ターザン

1999/09/20 イマジカ第1試写室
ディズニーが最新技術を使って作った現代版『ターザン』だが……。
技術面はともかく、物語はつまらないなぁ。by K. Hattori


 「予告編がすごい!」と大いに話題になったディズニーの新作アニメ。エドガー・ライス・バローズの原作はサイレント時代から50回近く映画化されているというのだが、「女ターザンもの」などの亜流映画を混ぜれば数は数倍に膨れ上がるだろう。腰に小さな毛皮をつけただけの筋骨たくましい半裸の男が、独特の叫び声をあげながらジャングルの中をツタからツタへと渡って行くイメージは、アメリカが生み出したヒーローのイコンになっている。歴代のターザン役者の中では、オリンピックの水泳選手だったジョニー・ワイズミュラーが有名。しかしこうした「ジャングルの野生児」というターザン像に、原作者のバローズは満足していなかったという。

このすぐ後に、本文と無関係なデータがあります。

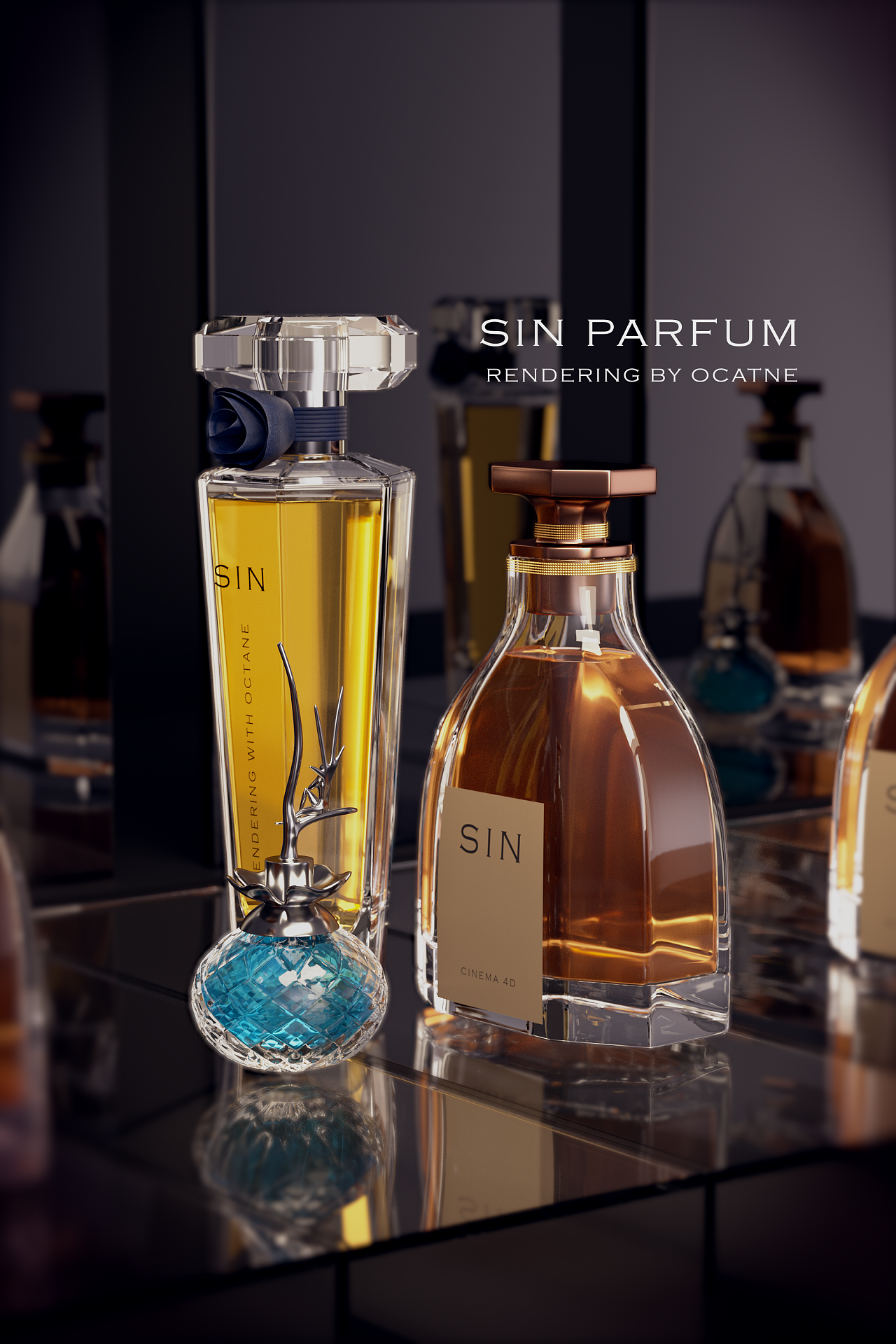 一组香水瓶渲染 - 原创作品 - 站酷(zcool)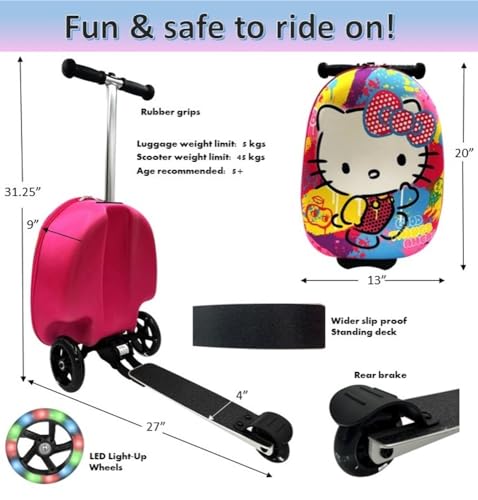 Fast Forward Kid’s Licensed 18" Ride-On Suitcase Scooter - Lightweight Carry-On Foldable Scooter Luggage 6
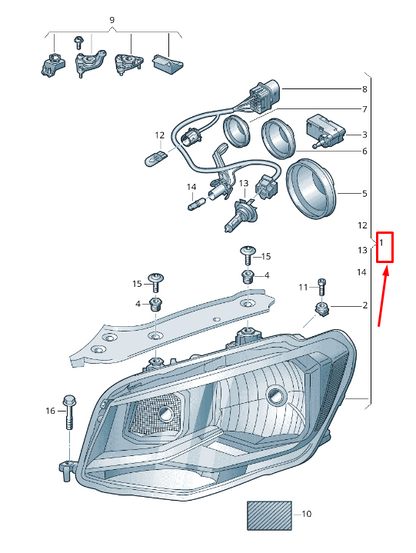 new vw caddy iv sa mk6 front right headlight rhd 2k2941016b original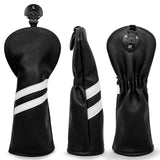 Maxbell 3x Golf Wood Head Cover Headcover with Interchangeable Number Tag Protector Black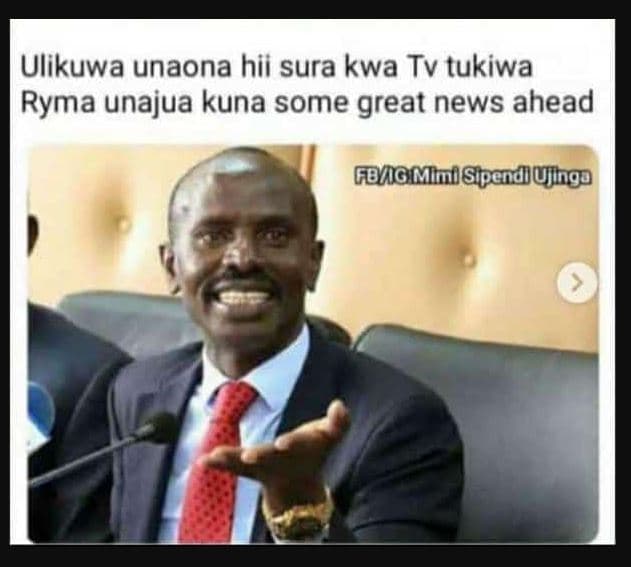 Ulikuwa unaona hii sura kwa tv tukiwa ryma unajua kuna some great news ahead gom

 今回の映画は、バローズの原作にあるターザン像を忠実に映画化したというのがウリ。「俺ターザン、お前ジェーン」という天真爛漫な(悪く言えばノータリンな)ターザン像をくつがえし、たくましい肉体と繊細な心に優秀な頭脳を併せ持つ、現代流のターザンを作り出そうとしているようだ。しかし僕はここですごく気になることがある。原作のターザンは、イギリス貴族の遺児ではないのか? 今回の映画からは、ターザンの血統の秘密がすっぽりと抜け落ちている。おそらくディズニーの製作者たちは、アメリカ人のヒーローであるターザンにイギリス貴族の地位を与えて権威付けすることを好まなかったのでしょう。ジェーンはターザンの人柄に惹かれるべきであり、そこに家柄という要素が加わると不純に見えてしまうという配慮でしょう。あるいは「貴族という血筋が生み出す気品や優雅さ」というものを、アメリカ人は否定したいのかもしれない。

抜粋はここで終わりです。